Der im Jahre 2007 verstorbene Wissenschaftler Raul Hilberg war einer der ersten, der mit in die USA überführten deutschen Akten arbeiten konnte. Wer sich in der Holocaust-Literatur etwas auskennt, weiß, dass sein dreibändiges Werk "Die Vernichtung der europäischen Juden" von großer Bedeutung für die Holocaust-Forschung war.  

Die hier vorliegenden, von Prof. Dr. Hilberg verfassten Essays und Erinnerungen wurden von Walter H. Pehle und René Schott herausgegeben und sind brillant von Petra Post und Andrea von Struve übersetzt worden. 

Die Texte laden dazu ein, den Autor und Holocaust-Forscher über fünf Jahrzehnte seiner wissenschaftlichen Arbeit zu begleiten. Dabei sind die 13 Texte für dieses Buch zwischen 1965 und 2007 entstanden. Hilberg stellt darin Überlegungen zu den Ergebnissen und Kontroversen seiner Forschungstätigkeit an und zeigt zudem wie er bestimmte Formen des Gedenkens an den Holocaust sah. Zudem beinhalten die Erinnerungen des Autors die Archiv-Reisen, bei denen er das Material für seine Forschungsarbeit zusammen trug. 

Man erfährt u.a. Wissenswertes über die Bürokratie des Holocaust, die Zahl der Opfer, die Rolle der Judenräte und die Funktion der Reichsbahn und Wehrmacht im Vernichtungsprozess. 

Das Werk beginnt nach der Einleitung mit dem Aufsatz "The Anatomy oft the Holocaust" und wird fortgesetzt mit der Betrachtung der Motive der Deutschen für die Vernichtung der Juden. Wissen sollte man, dass die Forschung hier zwei Richtungen eingeschlagen hat: Die einen versuchen den Holocaust mit dem Wesen der Opfer zu erläutern, die anderen mit dem der Täter, so Hilberg. Darüber erfährt man im 2. Essay Näheres. 

Auch über die Bürokratie der Vernichtung wird man aufgeklärt und hat Gelegenheit, sich mit vielen anderen Aspekten der Forschung auseinander zu setzen. Dies halte ich für wichtig, um den gesamten Umfang der Abgründigkeit zu begreifen, der dieses Verbrechen erst möglich gemacht hat.

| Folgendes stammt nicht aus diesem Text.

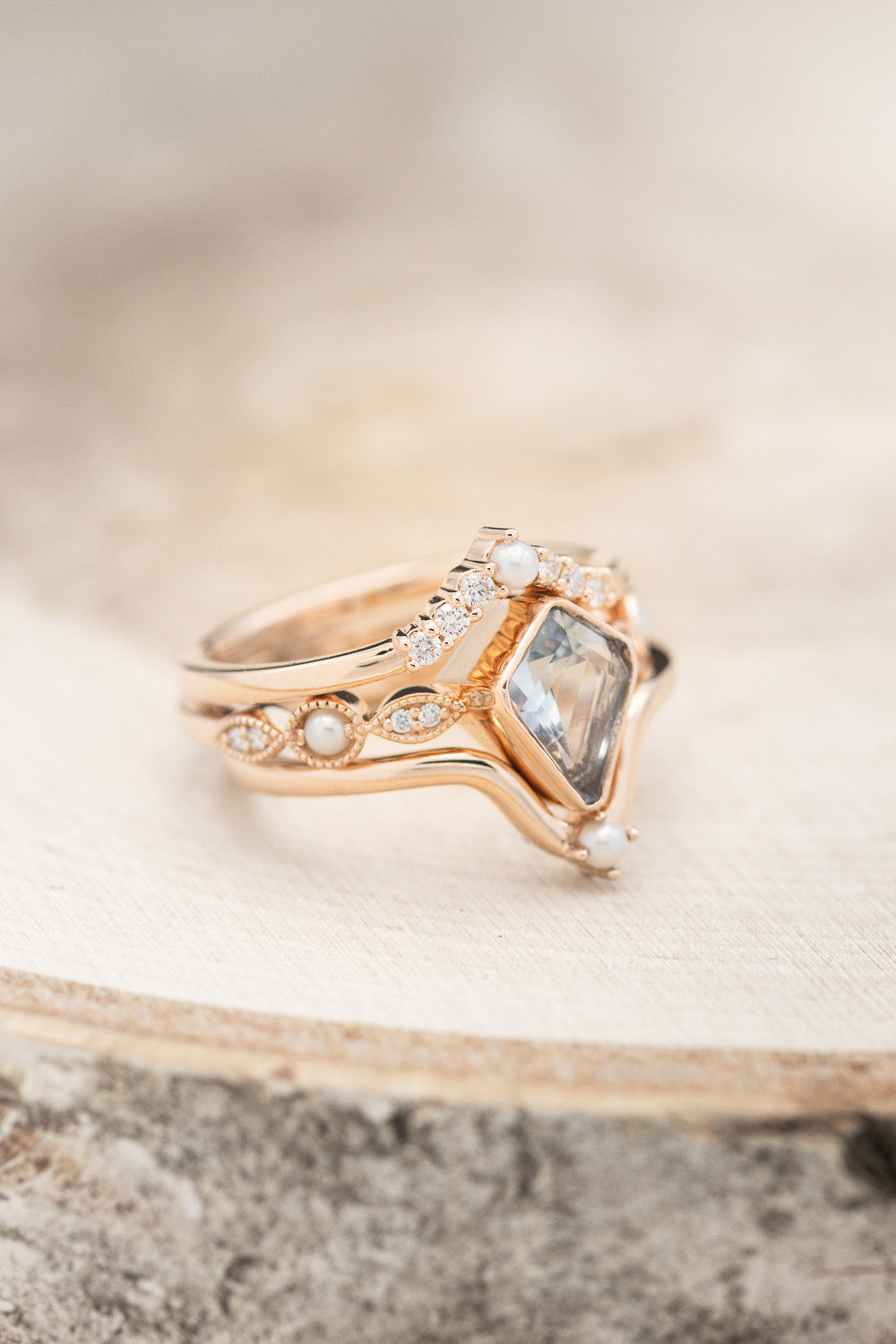 "BIANCA" - BRIDAL SUITE - KITE CUT AQUAMARINE ENGAGEMENT RING WITH PEARL & DIAMOND ACCENTS-4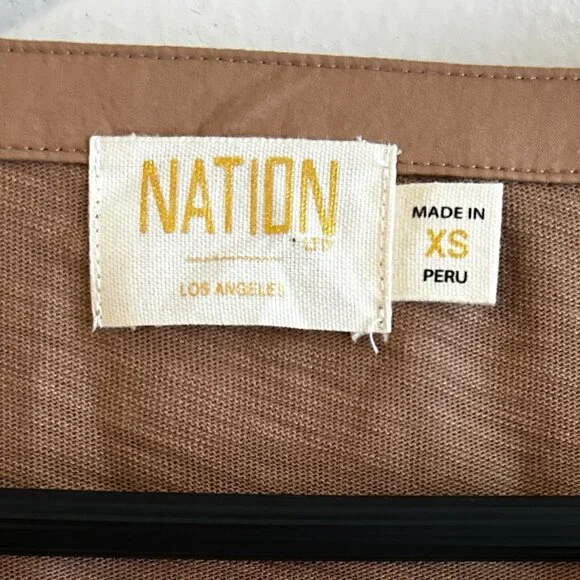 Nation Los Angeles Camel/Tan V-Neck Cotton Henley Top SZ XS - Picture 5 of 7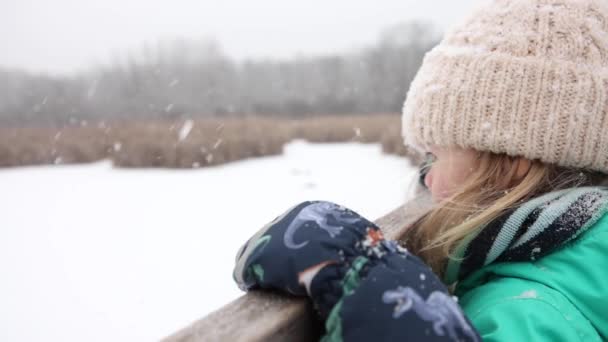 小女孩俯瞰着自然木板 超级滑雪板 — 图库视频影像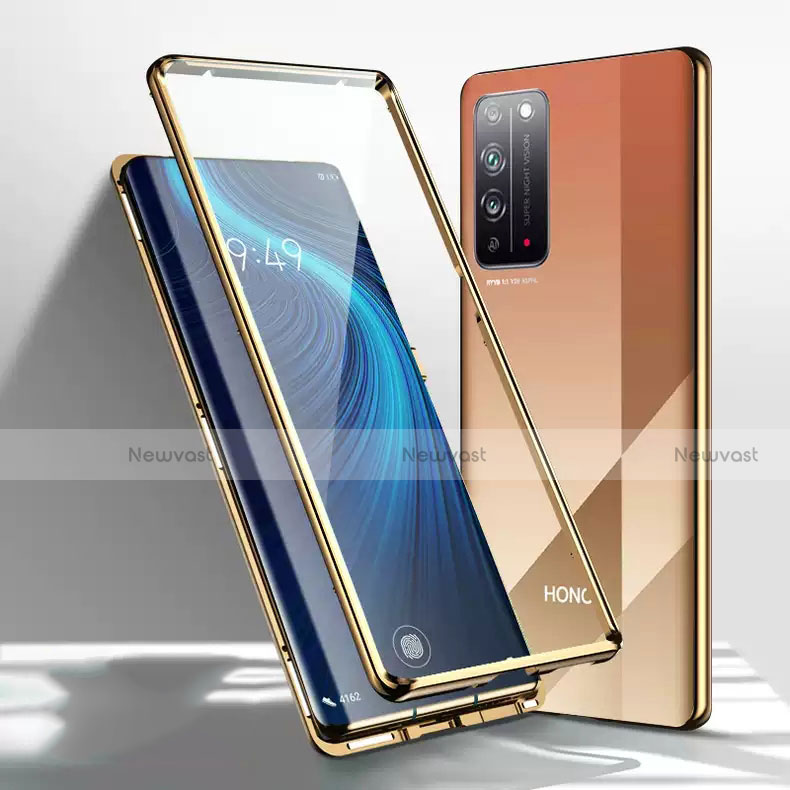 Luxury Aluminum Metal Frame Mirror Cover Case 360 Degrees T01 for Huawei Honor X10 5G Gold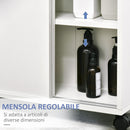 Mobiletto Bagno con Porte Scorrevoli 70x20x71 cm Ripiano Regolabile con Ruote Bianco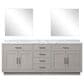 Lexora Home Abbey 84" Double Bathroom Vanity in Black Oak with 2 cm White Carrara Marble Top, Rectangular Sinks and 36" Mirrors, , large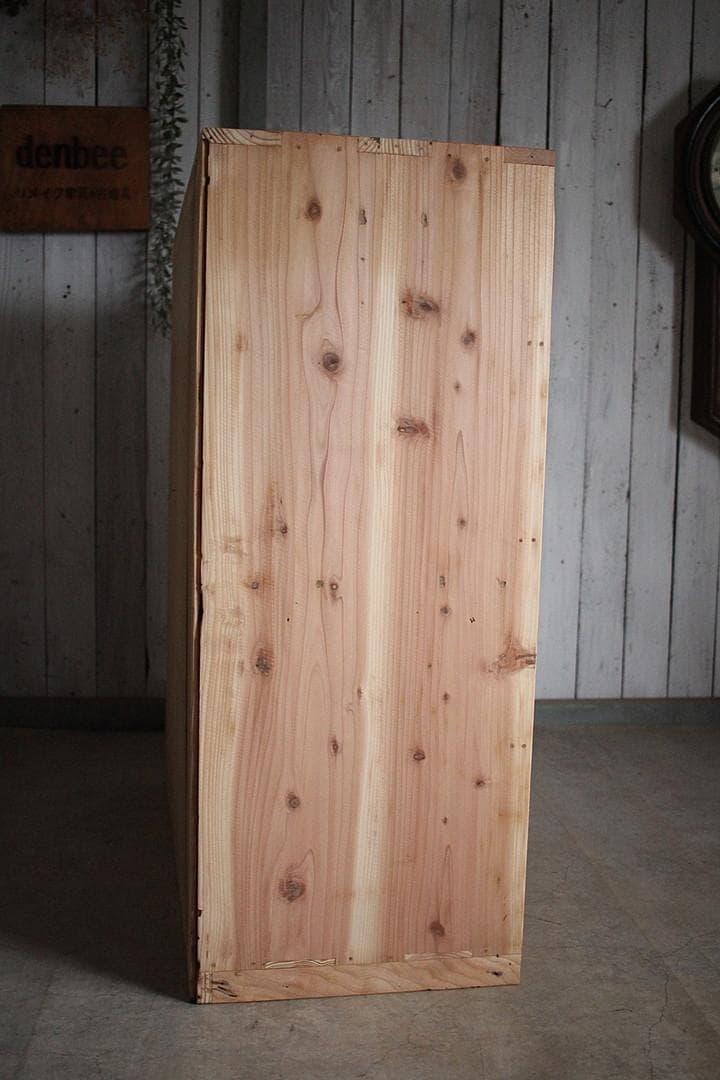 前面ガラスの引き出し4段　食器棚　シャツケース　収納棚　古家具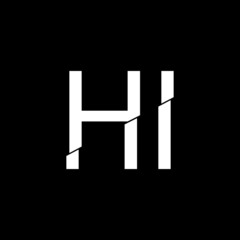 crossed out HI inscription in white on a black background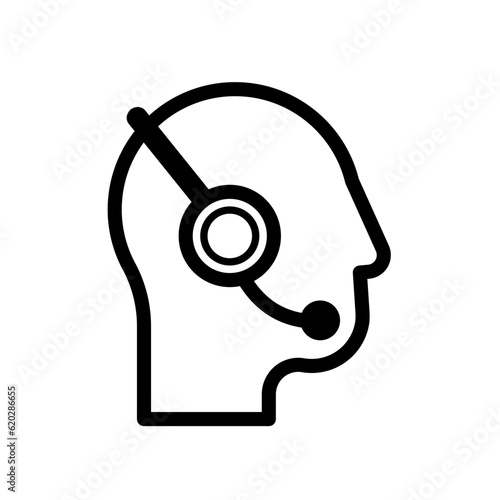 hotline icon, helpdesk icon. Head in headphones with a microphone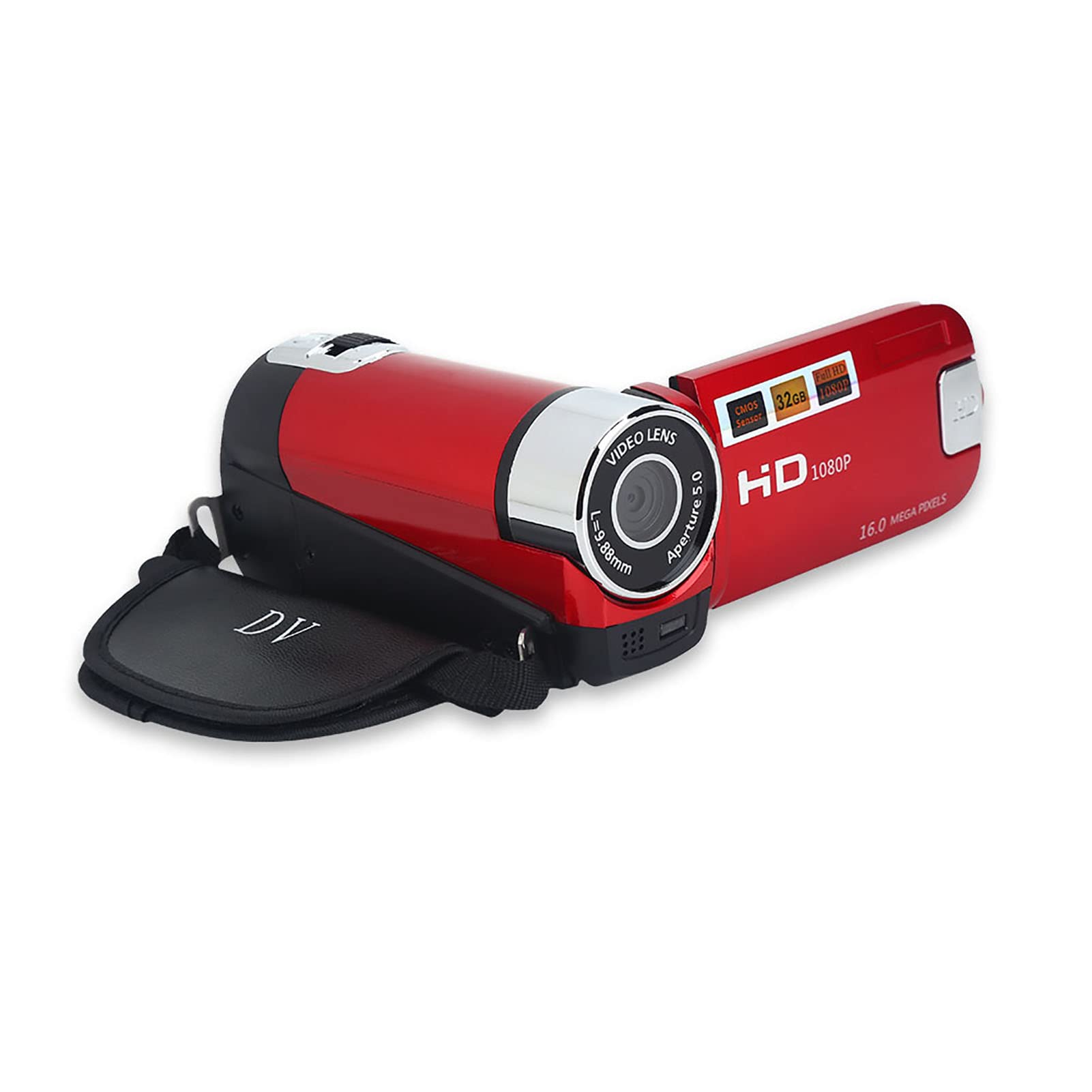 Digital Camcorder, Full HD 270° Rotation 1080P 16X High Definition Video DV Camera Professional Shooting Video Camera for Home Party Outdoor Picnic Camping(red, U.S. regulations) 1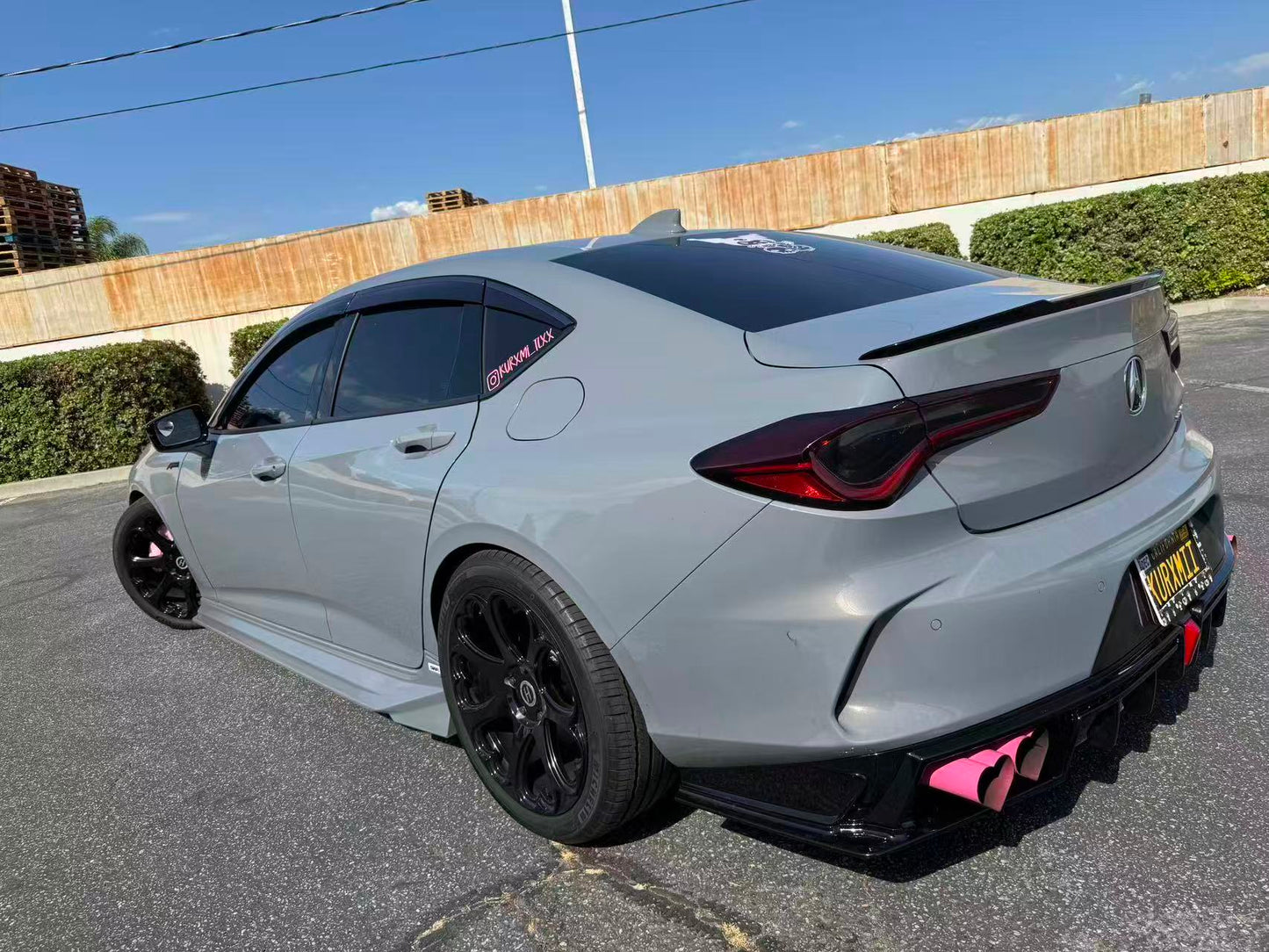 2021-2025  2th Gen Acura TLX Gloss Black Rear Diffuser with 3rd Brake Light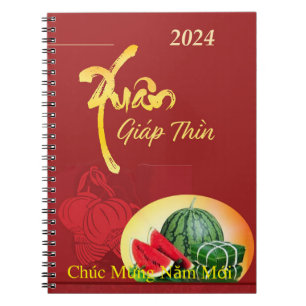Tet Chuc Mung Nam Moi Gott nytt år Xuan 2024 Anteckningsbok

Das Buch kann ich jedem empfehlen, der sich mit diesem unsäglichen Geschehen vertieft auseinandersetzen möchte. Begreifen kann man den Holocaust meines Erachtens nur vor dem Hintergrund, dass sich die Nazis als Herrenmenschen verstanden haben und glaubten über Leben und Tod ihrer Mitmenschen befinden zu können.  Hybris war der Dreh- und Angelpunkt.